Sapido comunque Sciascia che così continua nel dileggio-difesa dell'arciprete Casuccio: "qualunque cosa crederebbero i regalpetresi  dell'arciprete, che tiene un harem o che mangia a bagnasale i lattanti, qualunque atroce cosa." Ma anche qui qualche piccola distorsione della realtà dei fatti. Certo l'arciprete Casuccio, pur così austero, quasi sosia di Pio XII, amato non era. E quanto a cose di sesso, a Racalmuto per ogni prete c'è un'aureola denigratrice. Ironici i più colti dicono che le donne sono attirate dalle tonache in cerca dell'uccel di Dio. L'arciprete Casuccio era un  bell'uomo e certo un tiaso di orsoline e qualche matrona d'alto bordo lo adoravano. Ma noi sappiamo, il tutto nei rigorosi limiti di quel che si chiama amore platonico. Forse nella primissima gioventù, l'arciprete Casuccio qualche peccato di prolifica lussuria ebbe a commetterlo. Così affermava un mio cugino contadinotto, che puntigliosamente annotava nel libro non scritto delle sue memorie illegittimi figli di preti nostrani.  Non gli abbiamo mai creduto.

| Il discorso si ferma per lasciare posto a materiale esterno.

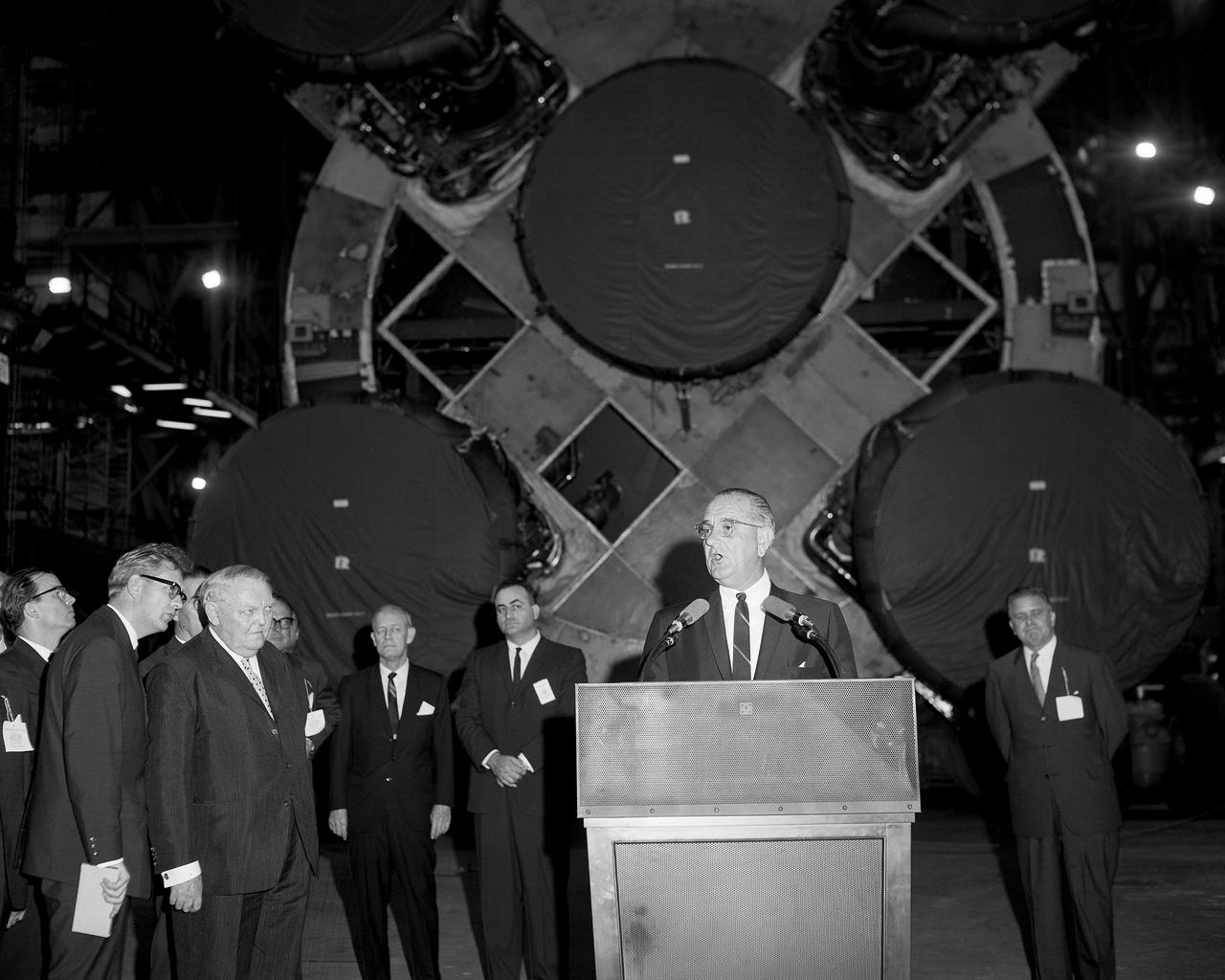 CAPE KENNEDY, Fla. -- At the Kennedy Space Center in Florida, President Lyndon B. Johnson speaks in the Vehicle Assembly Bulling with West German Chancellor Erhard on left, NASAS Administrator James Webb on right, and NASA Director of launch operations, Rocco Petrone, behind President Johnson. In the background is the first stage of a Saturn V rocket which will be used to launch astronauts to the moon as part of the Apollo Program. Photo Credit: NASA
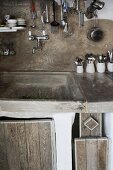 Masonry kitchen counter with rustic wooden doors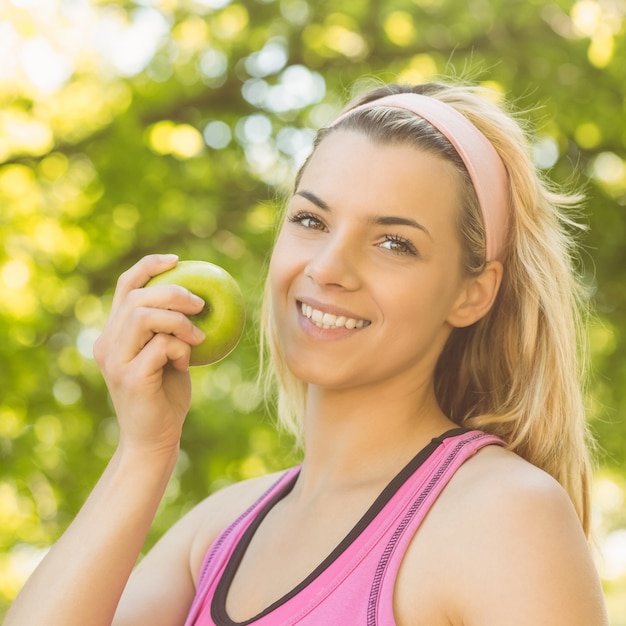 Fit blonde holding green apple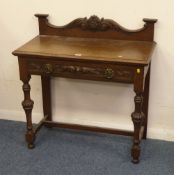 Edwardian oak side table with frieze drawer and carved decoration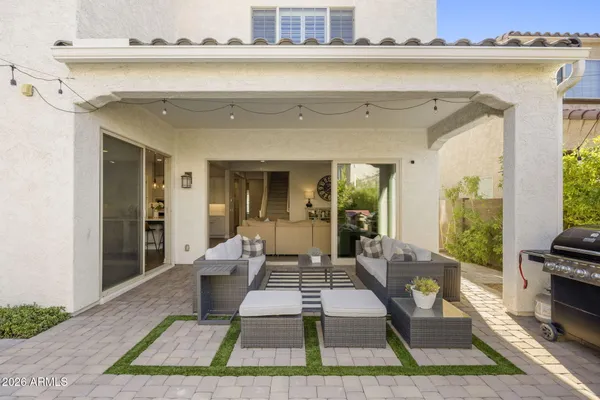 a living room with furniture rug and wooden floor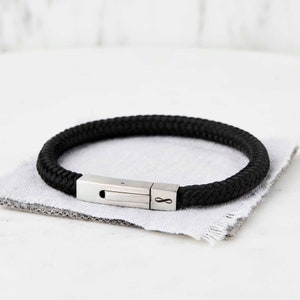 Op de afbeelding: Een zwarte gevlochten leren armband met een zilveren sluiting met een oneindigheidssymbool.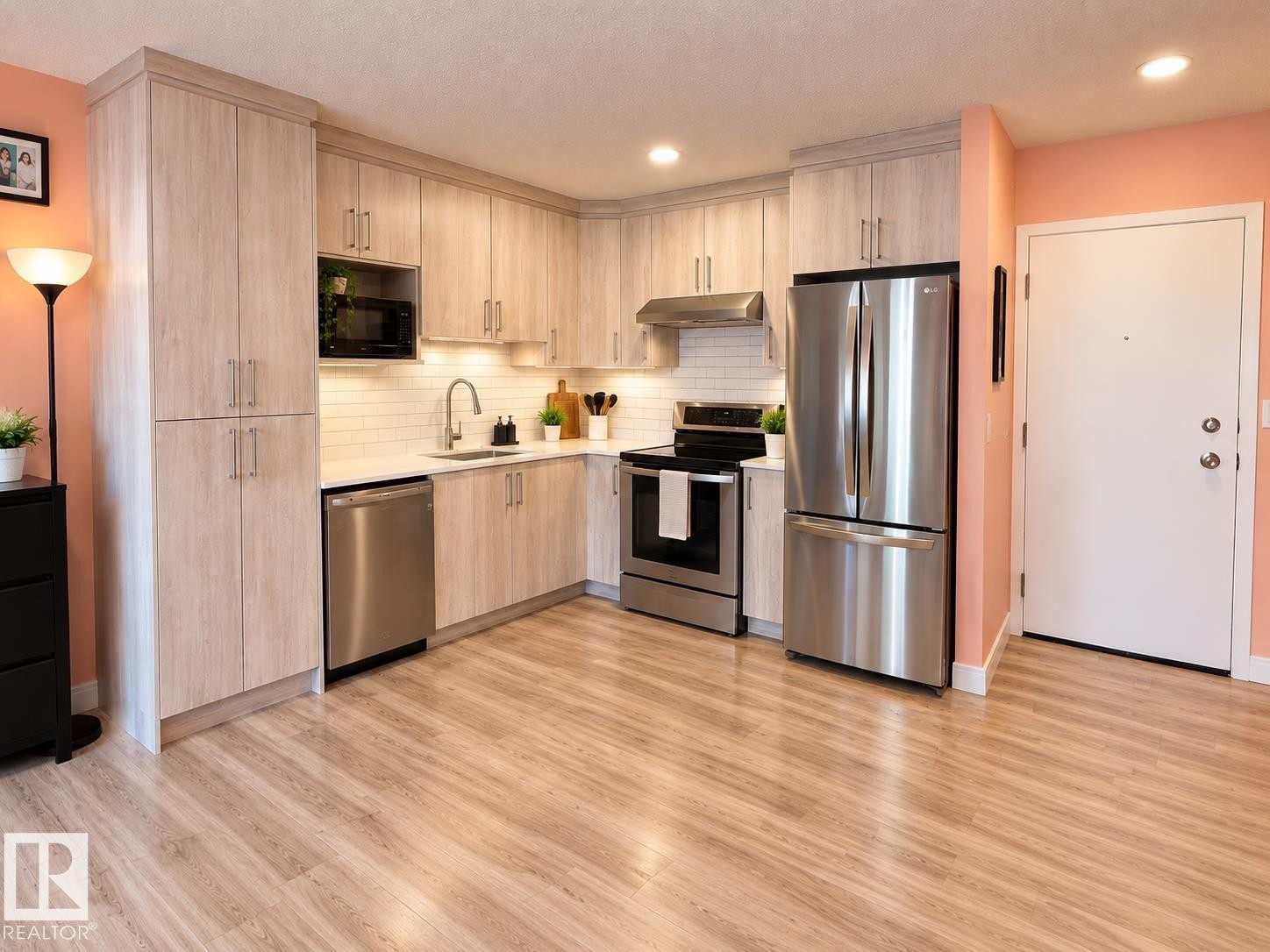 Kitchen featuring wood-finish flooring, light wood-tone cabinetry, stainless steel appliances, a white subway tile backsplash, and recessed lighting - #108 2624 Mill Woods Rd E Nw, Edmonton, AB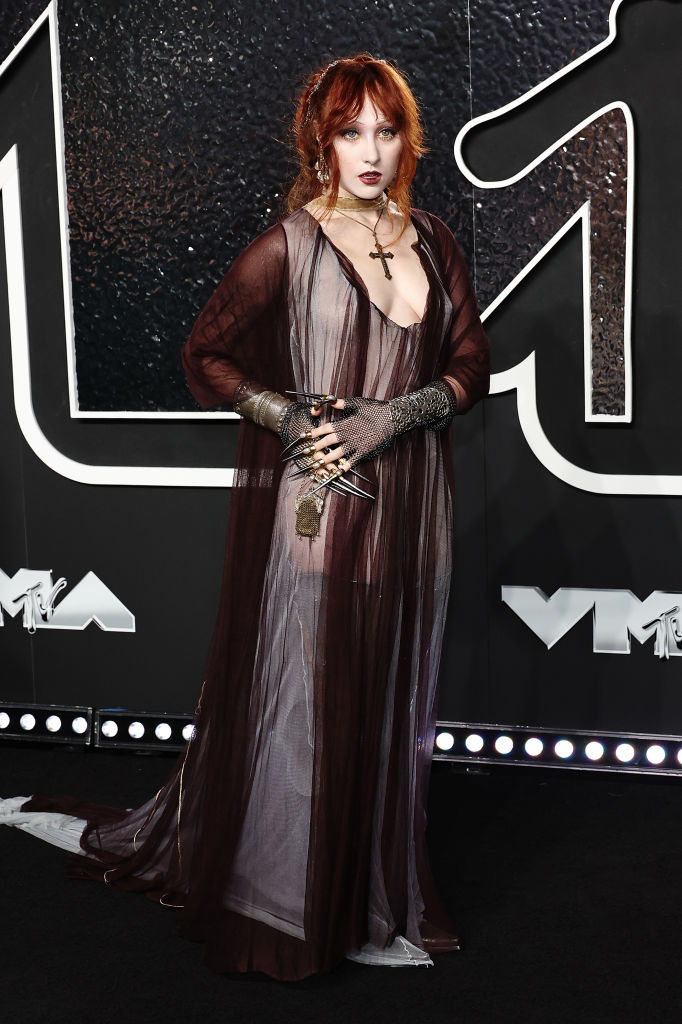 Chappell on the red carpet wearing a flowing, sheer gown with gothic accessories including gloves and a long necklace, at the VMAs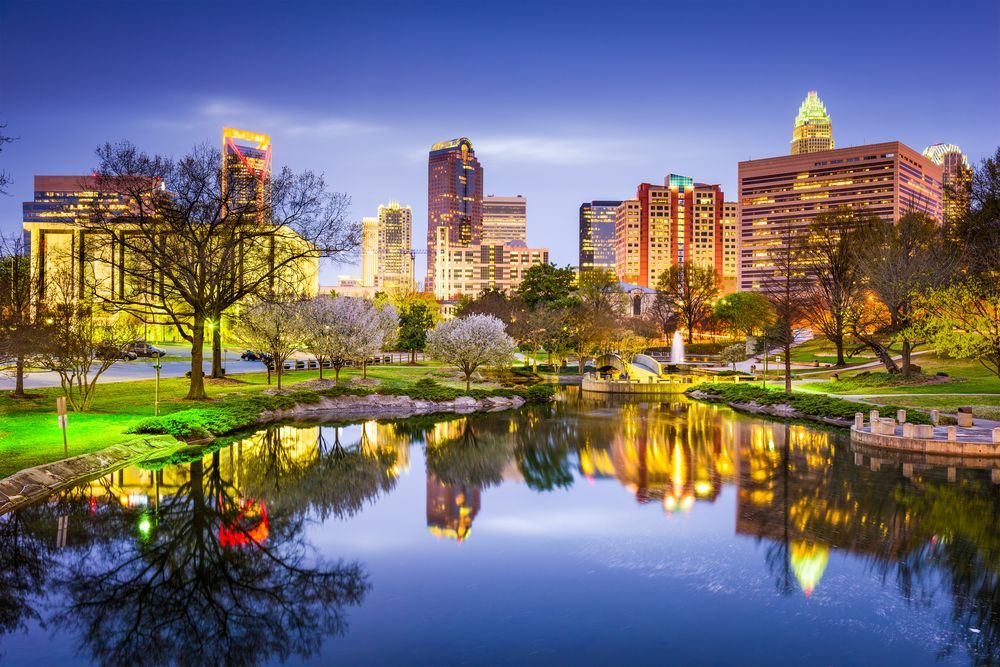Charlotte, North Carolina skyline reflected in a calm lake at dusk; buildings and trees are lit with golden light.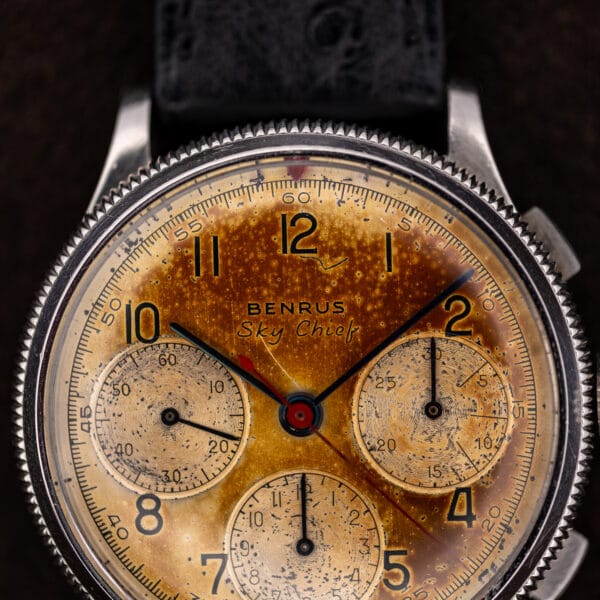 Benrus Sky Chief dial macro, black printed signature over a deep tobacco-brown center bloom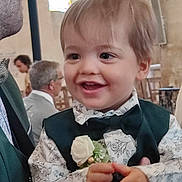 Aïden participe au concours pour gagner de l'argent avec cette photo : toddler, child, smiling, formal_clothing, bow_tie, vest, flower, indoor, event, people, adult, glasses, stained_glass, background, portrait, happy, hands, face, short_hair, ceremony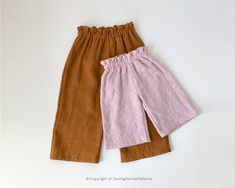 two brown and pink pants sitting next to each other on a white surface with the bottom half off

Dicevamo che a Sciascia, Casuccio in un certo qual senso andava a genio; ecco un passo rivelatore: " e l'arciprete sa di portare cappa di martirio; ha avuto la vigna stroncata, i buoi rubati, lettere minatorie gli arrivano ed insulti; come i santi vengono raffigurati con gli elementi del martirio, l'arciprete di Regalpetra può entrare in una pala d'altare con in mano una lettera anonima."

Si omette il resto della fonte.